Showing posts with label Cambodia. Show all posts
Showing posts with label Cambodia. Show all posts

Friday, April 3, 2015

Angkor, the mother of all temple complexes

Next stop on the grand tour of Southeast Asia: Siem Reap, Cambodia, home of Angkor Wat, many other temple complexes, several capitals of the Khmer Empire dating from the 9th to 15th centuries, and the remains of the world's largest pre-industrial city. (Thank you, wikiTravel.)

From the get-go, this place was a surprise. The hotel-provided taxi service arrived in the form of a tuk-tuk, a vehicle I'd carefully avoided in Bangkok. Soon I found myself loaded up in an open-air cart-type structure hooked up to the back of a motorbike. (As I said in my last entry, people in Southeast Asia will strap about anything on a motorbike!) The ride was bumpy, but not entirely unpleasant.
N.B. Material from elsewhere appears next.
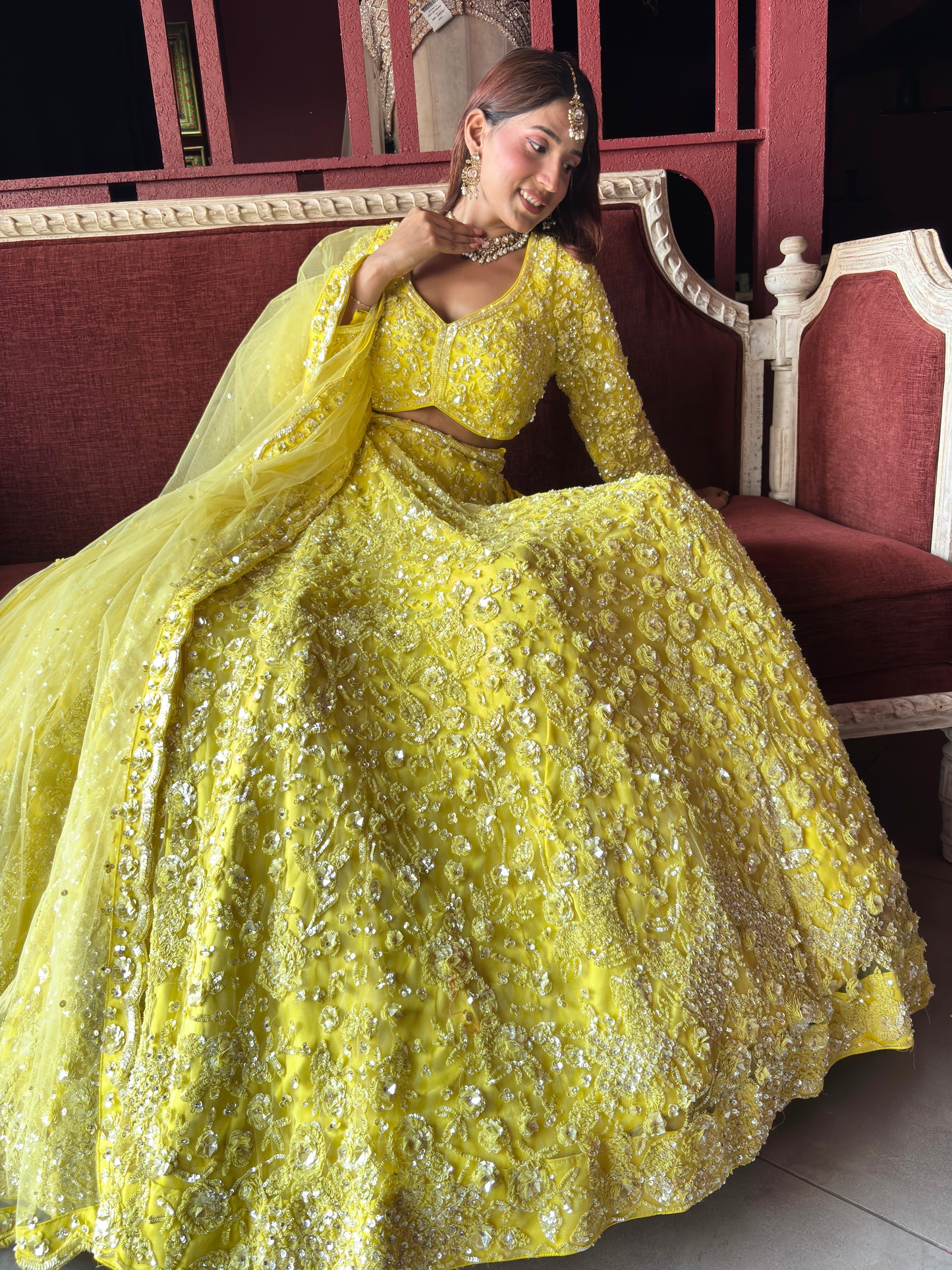 Yellow Heavy Embroidered Lehenga with Full-Sleeve Blouse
As long as I kept a firm grip on my sunhat, the wind rushing through my hair was quite welcome, even if it came with quite a lost of dust.
My first tuk-tuk ride
My second surprise came just a few minutes later when, short on cash to pay the hotel, my tuk-tuk drove me around the corner to withdraw. Here, I found that the ATM was spitting out US dollars! Only later did I discover that they do also have their own currency, which they use as a substitute for US coins. Basically, instead of getting 50 cents in change, you'll find yourself being handed a couple of Cambodian bills.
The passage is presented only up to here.